> **Problem details**: All of the listing, from first line to last, should be output exactly; the pictures stay out.

Segment Start: Data below

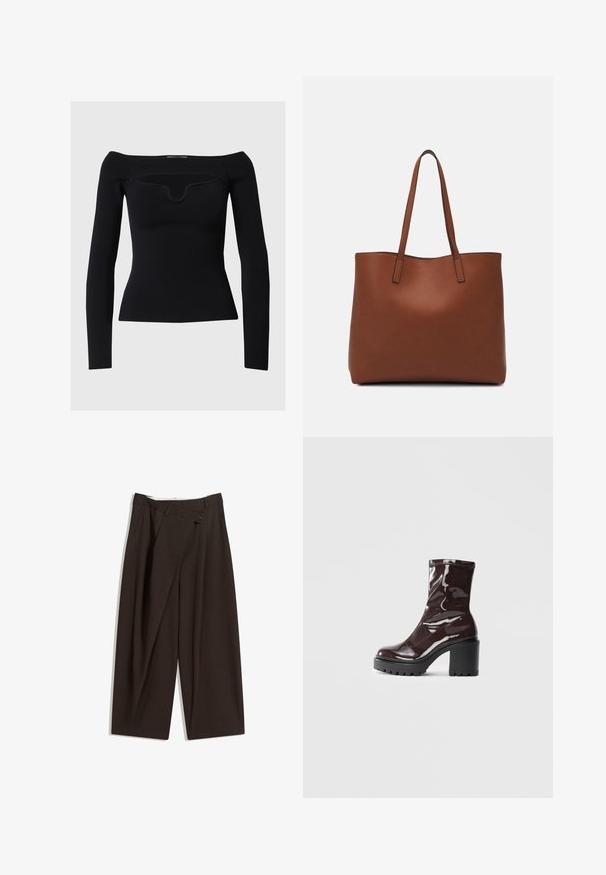 Schwarzes Langarmoberteil mit schulterfreiem Design, gerippter Textur und einem dezenten Rundhalsausschnitt. Glattes Material, taillierte Silhouette.; Dunkelbraune, weite Hosen mit hohem Bund, die über einen einzigen Knopfverschluss und eine gefaltete Vorderseite verfügen. Hergestellt aus leichtem Stoff.; Glatte bordeauxrote Ankle Boots mit einem klobigen schwarzen Absatz, die eine glatte Oberfläche und ein einfaches Design aufweisen. Keine sichtbaren Verschlüsse oder Muster.; Braune Leder-Tote mit glatter Textur, offenem Oberteil und zwei Schulterriemen. Verfügt über minimale Nähte und keine sichtbaren Beschläge.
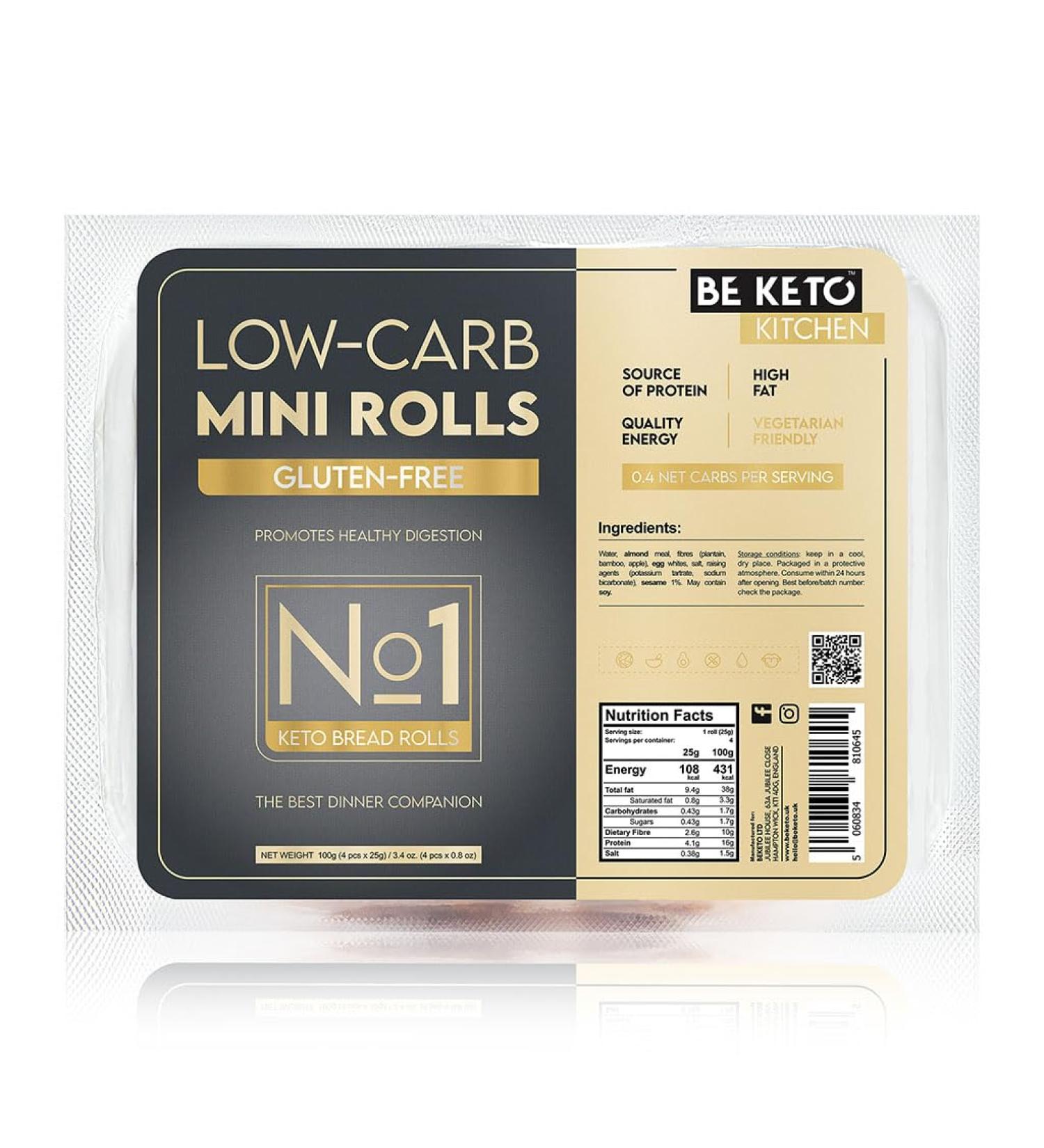 BE KETO Keto glutenfree mini rolls 100g glutenfree ketogenic lowcarb - Buy Online on GoSupps.com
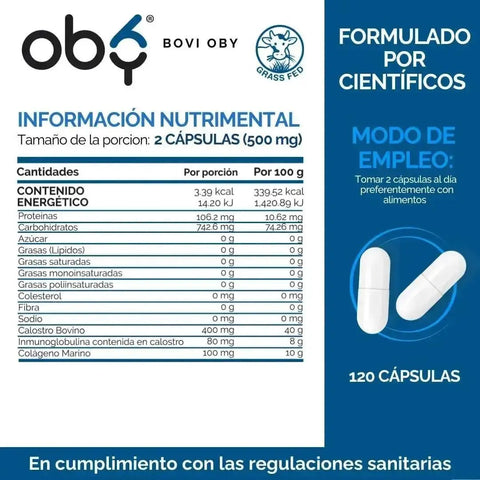 OBY Calostro Bovino | Suplemento Alimenticio con Colágeno Marino | 120 Cápsulas $̶8̶7̶9̶.̶0̶0̶ oby.mx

Segment End: Data below

> **Finished task**:
 Schwarzes Langarmoberteil mit schulterfreiem Design, gerippter Textur und einem dezenten Rundhalsausschnitt. Glattes Material, taillierte Silhouette.; Dunkelbraune, weite Hosen mit hohem Bund, die über einen einzigen Knopfverschluss und eine gefaltete Vorderseite verfügen. Hergestellt aus leichtem Stoff.; Glatte bordeauxrote Ankle Boots mit einem klobigen schwarzen Absatz, die eine glatte Oberfläche und ein einfaches Design aufweisen. Keine sichtbaren Verschlüsse oder Muster.; Braune Leder-Tote mit glatter Textur, offenem Oberteil und zwei Schulterriemen. Verfügt über minimale Nähte und keine sichtbaren Beschläge.
 BE KETO Keto glutenfree mini rolls 100g glutenfree ketogenic lowcarb - Buy Online on GoSupps.com
 OBY Calostro Bovino | Suplemento Alimenticio con Colágeno Marino | 120 Cápsulas $̶8̶7̶9̶.̶0̶0̶ oby.mx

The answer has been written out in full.